= Beginning of Section =

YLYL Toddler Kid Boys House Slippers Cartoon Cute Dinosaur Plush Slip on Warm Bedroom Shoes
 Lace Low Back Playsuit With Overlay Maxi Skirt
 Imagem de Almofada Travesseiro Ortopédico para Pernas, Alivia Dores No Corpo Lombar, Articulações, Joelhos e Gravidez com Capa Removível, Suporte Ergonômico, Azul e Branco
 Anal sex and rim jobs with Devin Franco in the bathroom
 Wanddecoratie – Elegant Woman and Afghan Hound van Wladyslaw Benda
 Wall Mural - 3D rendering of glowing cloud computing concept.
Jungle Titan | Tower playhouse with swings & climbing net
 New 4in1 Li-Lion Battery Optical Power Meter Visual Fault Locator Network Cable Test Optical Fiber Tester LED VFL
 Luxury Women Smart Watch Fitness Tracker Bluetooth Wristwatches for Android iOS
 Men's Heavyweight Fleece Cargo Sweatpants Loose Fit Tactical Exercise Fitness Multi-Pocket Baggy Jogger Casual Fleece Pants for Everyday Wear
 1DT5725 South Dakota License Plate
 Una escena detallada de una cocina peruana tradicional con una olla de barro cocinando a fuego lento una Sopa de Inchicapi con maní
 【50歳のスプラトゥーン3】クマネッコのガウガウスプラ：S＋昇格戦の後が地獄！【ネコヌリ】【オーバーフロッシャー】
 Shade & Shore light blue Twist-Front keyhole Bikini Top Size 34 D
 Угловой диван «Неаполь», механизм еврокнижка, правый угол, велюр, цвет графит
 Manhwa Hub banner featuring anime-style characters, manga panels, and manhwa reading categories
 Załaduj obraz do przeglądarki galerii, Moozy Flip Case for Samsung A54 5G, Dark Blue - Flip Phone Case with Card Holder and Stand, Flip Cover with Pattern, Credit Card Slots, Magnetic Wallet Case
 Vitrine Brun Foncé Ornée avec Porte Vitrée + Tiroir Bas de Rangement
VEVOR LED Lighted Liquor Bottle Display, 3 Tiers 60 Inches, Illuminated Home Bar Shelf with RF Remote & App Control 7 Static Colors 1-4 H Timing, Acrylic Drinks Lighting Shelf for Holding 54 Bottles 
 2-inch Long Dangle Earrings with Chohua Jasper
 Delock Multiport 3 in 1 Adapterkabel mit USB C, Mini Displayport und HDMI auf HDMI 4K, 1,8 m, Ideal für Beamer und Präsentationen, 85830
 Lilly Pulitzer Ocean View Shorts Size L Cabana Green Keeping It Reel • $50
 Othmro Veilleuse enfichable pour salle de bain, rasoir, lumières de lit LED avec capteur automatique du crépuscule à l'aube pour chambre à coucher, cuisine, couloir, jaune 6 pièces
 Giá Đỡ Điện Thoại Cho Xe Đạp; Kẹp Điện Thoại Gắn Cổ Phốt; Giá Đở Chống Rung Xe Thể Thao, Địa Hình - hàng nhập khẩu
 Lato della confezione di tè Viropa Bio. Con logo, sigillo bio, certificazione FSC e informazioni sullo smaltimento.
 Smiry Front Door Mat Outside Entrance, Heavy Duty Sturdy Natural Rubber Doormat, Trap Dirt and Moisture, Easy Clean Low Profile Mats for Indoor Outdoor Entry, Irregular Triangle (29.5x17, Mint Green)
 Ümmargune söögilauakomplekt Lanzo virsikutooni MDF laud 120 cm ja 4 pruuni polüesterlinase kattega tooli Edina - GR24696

= End of Section =

- Required action
I need every line of the material that includes "avec", so please copy them out.

- Answer to the problem
 Vitrine Brun Foncé Ornée avec Porte Vitrée + Tiroir Bas de Rangement
 Othmro Veilleuse enfichable pour salle de bain, rasoir, lumières de lit LED avec capteur automatique du crépuscule à l'aube pour chambre à coucher, cuisine, couloir, jaune 6 pièces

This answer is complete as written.